Government today stressed on the importance of tuna in the region and urged stakeholders to work together to address the challenges faced by the tuna industry.
Opening the Pacific Tuna Forum today, Minister for Minister for Fisheries and Forests, Hon. Osea Naiqamu said that “it is important that all Pacific Island States, together with distant water fishing nations, agree to the fundamental principles of adopting and implementing sustainable fishing methods and practices.”
“Maybe is it time for a restructure of the whole industry and a need to reduce the number of distant water fishing vessels that fish in our region as well as the overall number of fleets,” Minister Naiqamu said.
Minister Naiqamu highlighted the current challenges facing the world tuna fishing industry, which include lower catch rates, paying higher fees and selling catches at depressed world prices.
The Papua New Guinea Minister for Fisheries and Marine Resource, Hon.
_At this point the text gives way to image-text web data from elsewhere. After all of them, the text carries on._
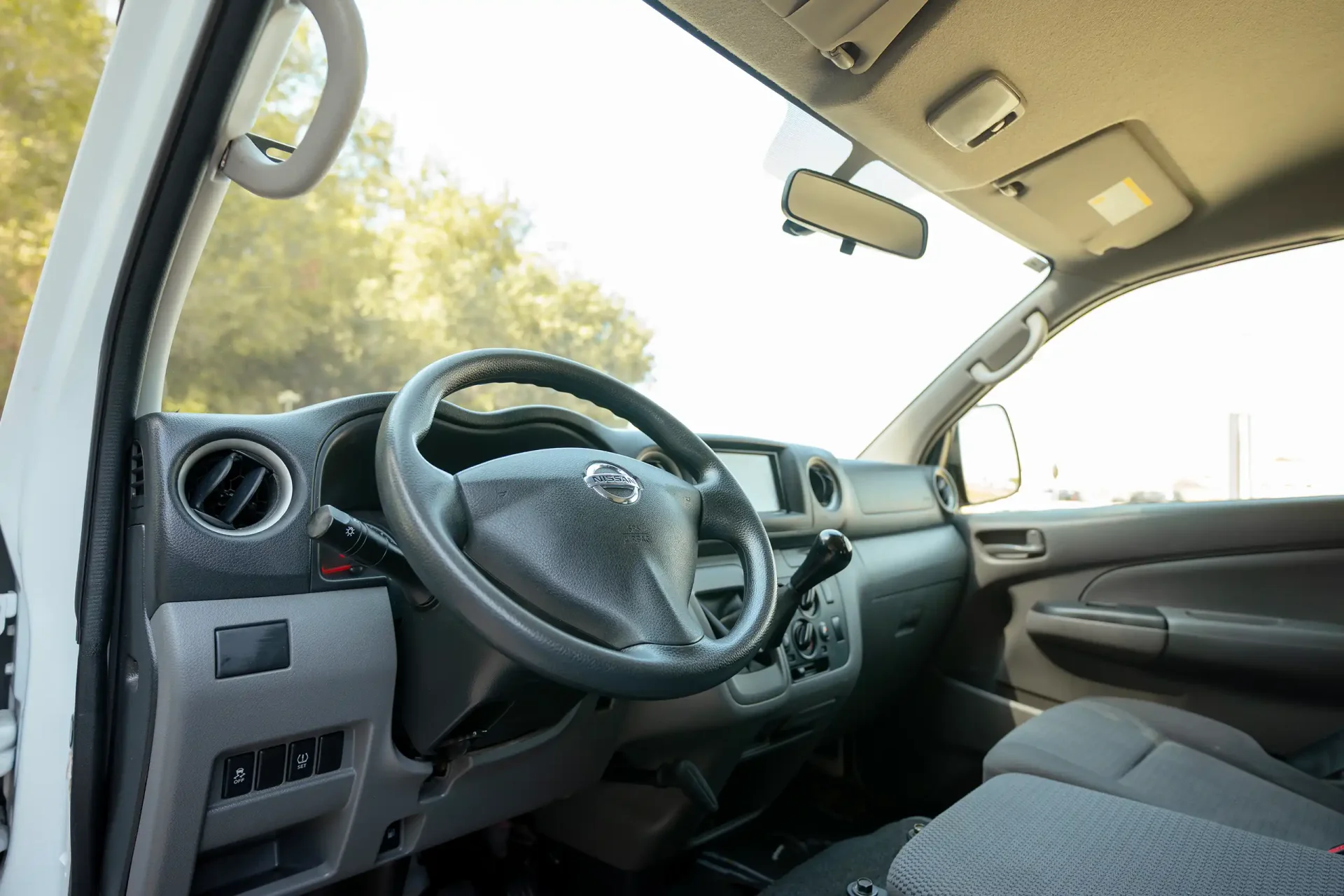 Used 2022 Nissan Urvan Standard Roof in White – Driver Side Dashboard & Steering View for Sale at First Choice Cars Dubai Sharjah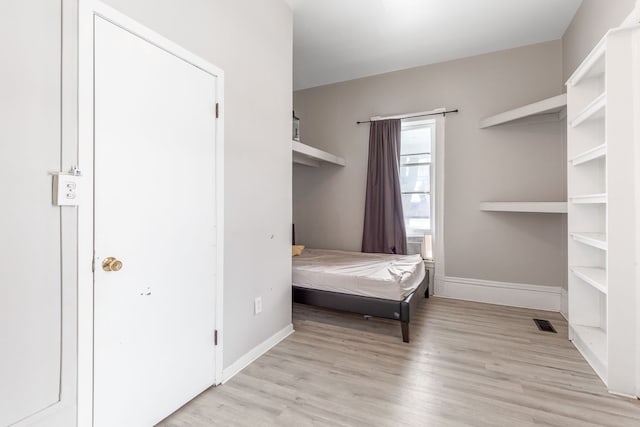 bedroom featuring light wood-type flooring, baseboards, and visible vents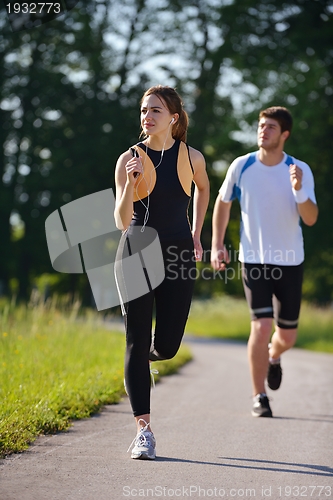 Image of Young couple jogging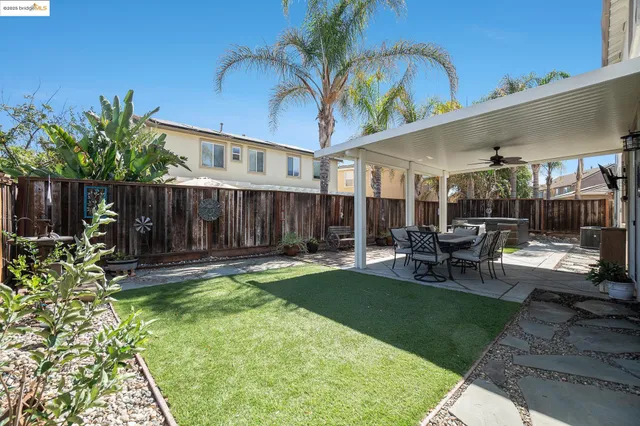 a view of a patio with a dining table and chairs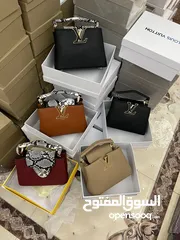  1 شنط ماركة لويس فيتون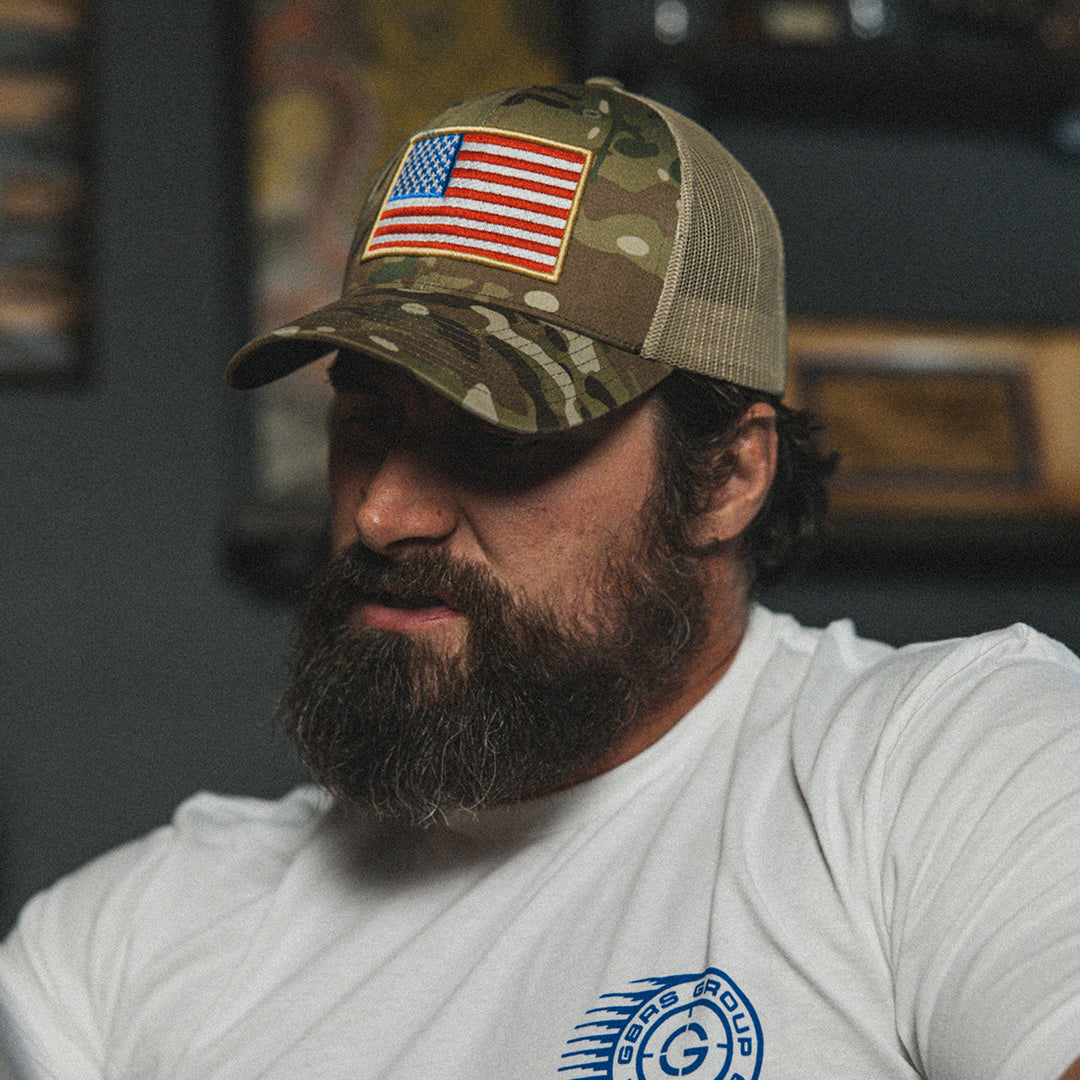 GBRS Group Patriotism Trucker Hat - Lifestyle shot picturing front of Multicam hat with embroidered Flag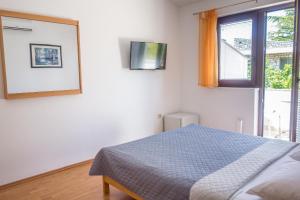 Postel nebo postele na pokoji v ubytování Rooms Stolfa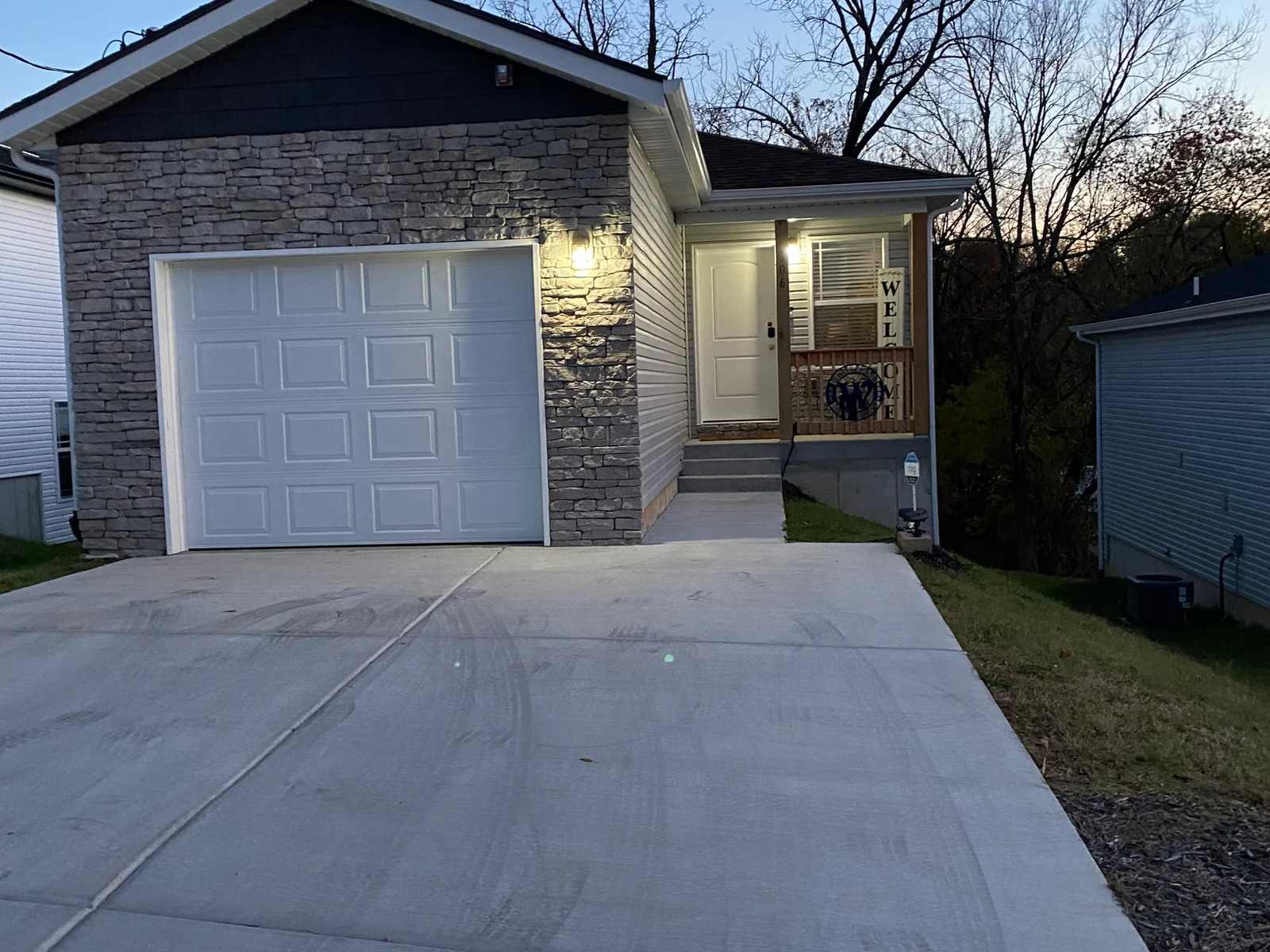 well lit entrance with additional security landscape lights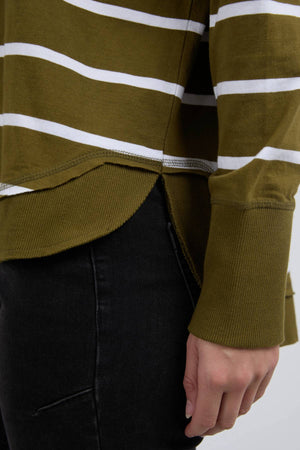 Close-up of a person wearing the Foxwood Farrah Stripe Long Sleeve in green and white, made from 100% Fresh Pima Cotton. The rounded, ribbed hem and cuffs pair with black pants, as their hand rests naturally by their side.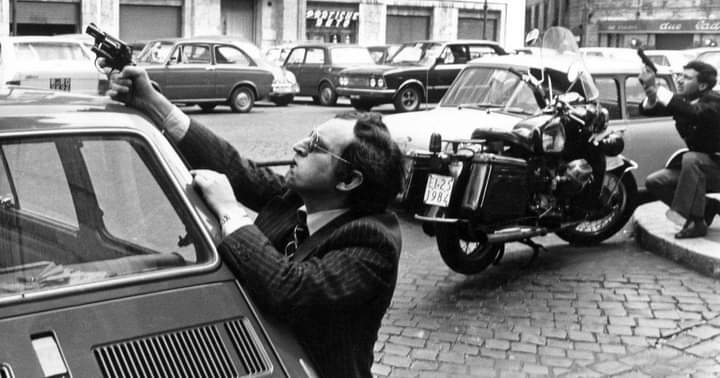 Rome, 1979, a cop with cigar and sunglasses during a shootout between red terrorists and Police.jpg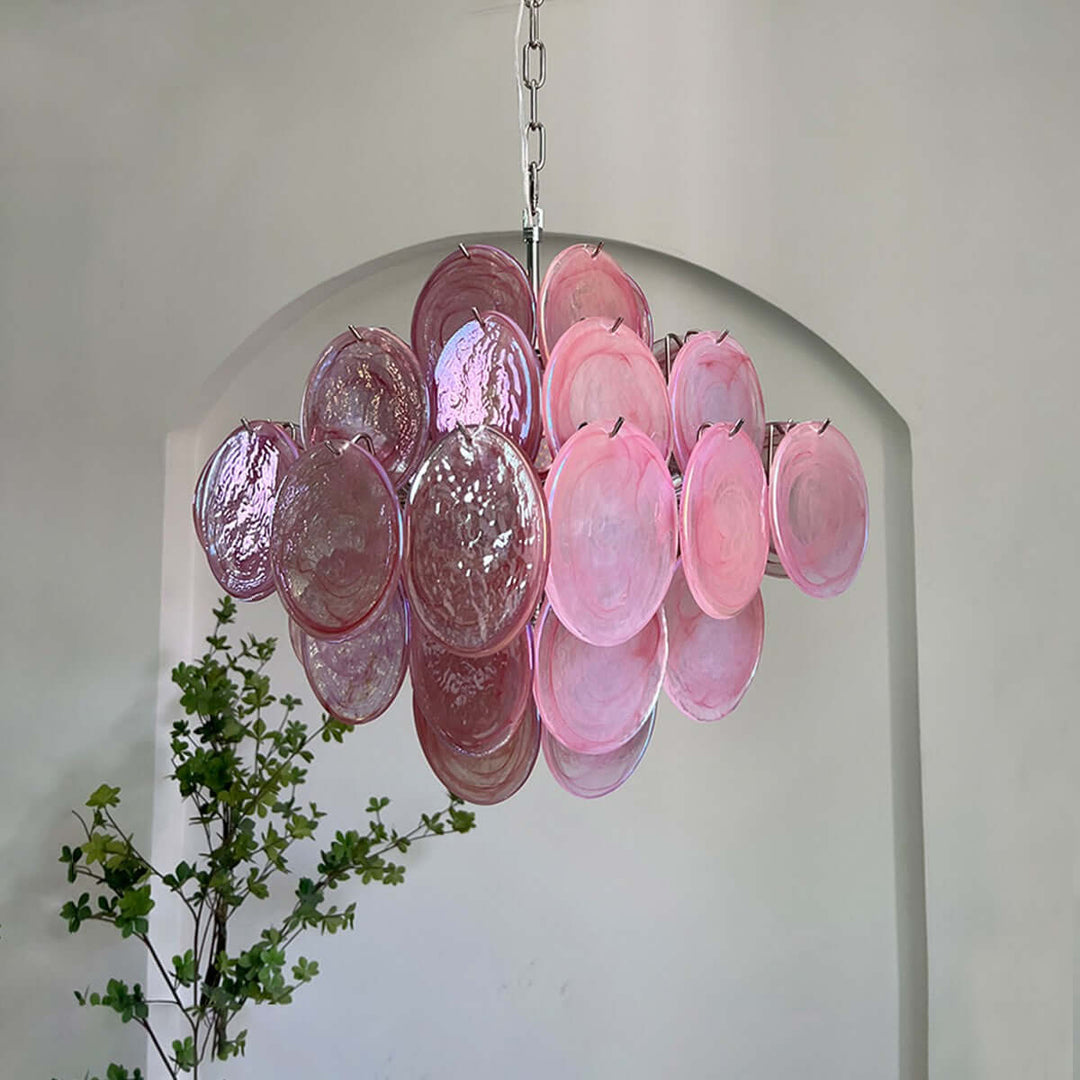 Pink Murano glass chandelier displayed beneath an arched opening in a bright modern interior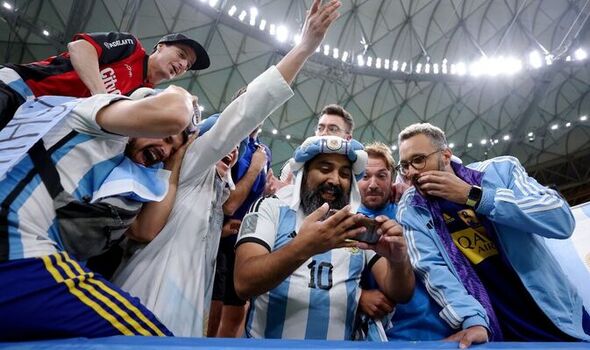 Group of Argentina soccer fans in blue-and-white jerseys crowding around to take a selfie in the stadium.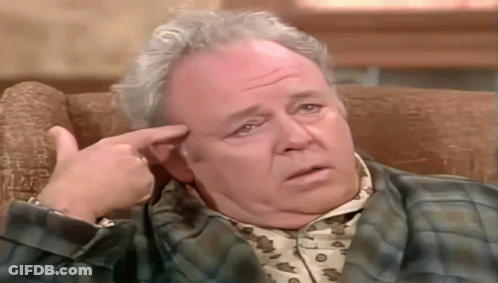 Man In Plaid Shirt Sitting On Couch GIF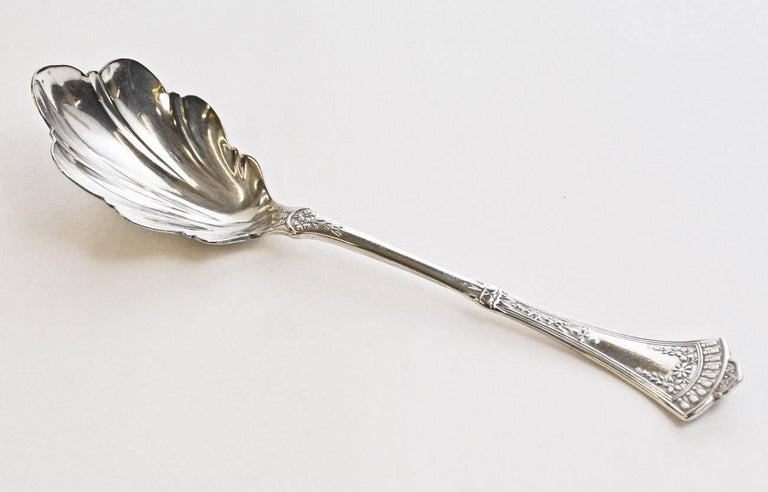 The antique silver plated sugar spoon has a leaf-like bowl and a handle embellished with Victorian flowers, leaves and tassels. Stamped Rogers & Bro.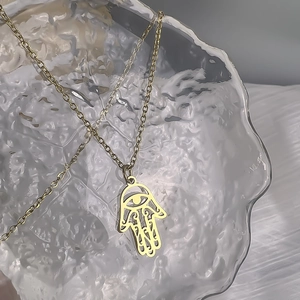 Detailed macro view of 18K gold plated Hamsa hand pendant with cutout evil eye detail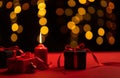 Candles and red gift boxes on a special romantic day and bokeh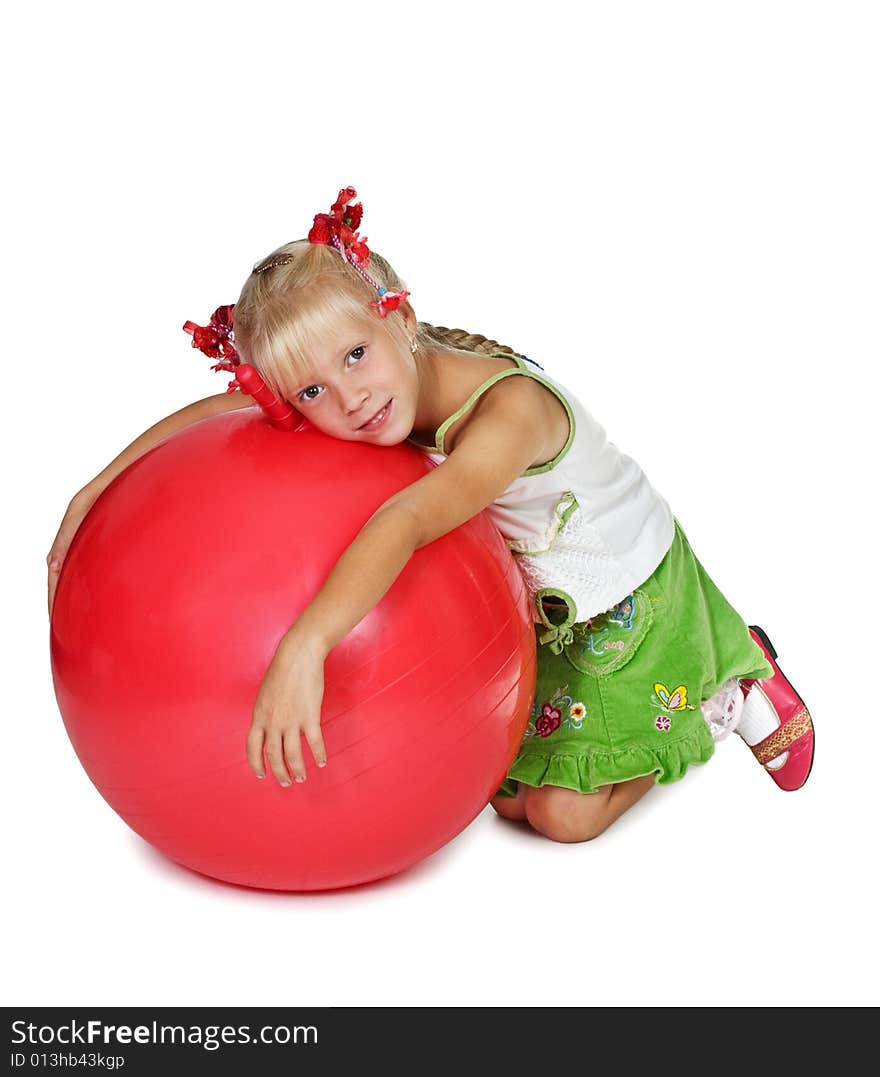 The girl with a greater red ball on a white background. The girl with a greater red ball on a white background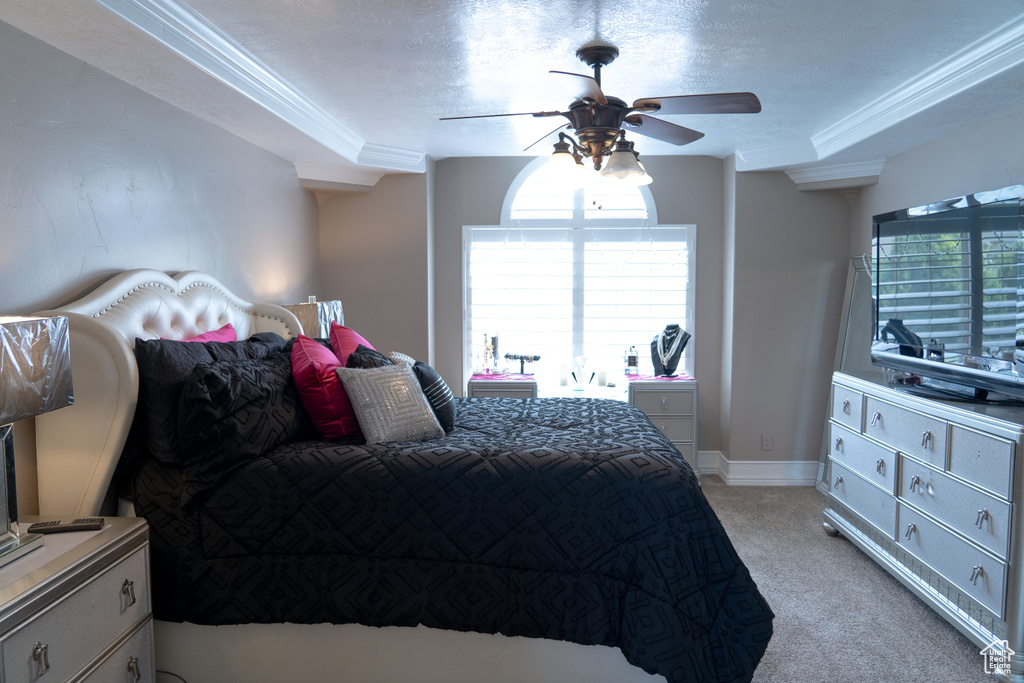 Bedroom with light carpet, crown molding, a ceiling fan, and a textured ceiling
Mao Zeming said the country continues to promote regional approach to sustainably manage fisheries resources and strengthen monitoring and surveillance programs in the region.
“We also want to fish and develop our fishing industries and establish viable fish processing industries to process tuna,” Minister Zeming said.
“It is therefore important that the Pacific Islands be given the opportunity to participate in the world economy through investments in fishing ventures and tuna processing facilities.”
The two-day forum will discuss ways to come up with appropriate strategies to address the overfishing of bigeye tuna and the threat faced by yellow fin tuna in the region.
The Regional Tuna Industry and Trade Conference is co-hosted by the Fijian Government and Papua New Guinea’s National Fisheries Authority.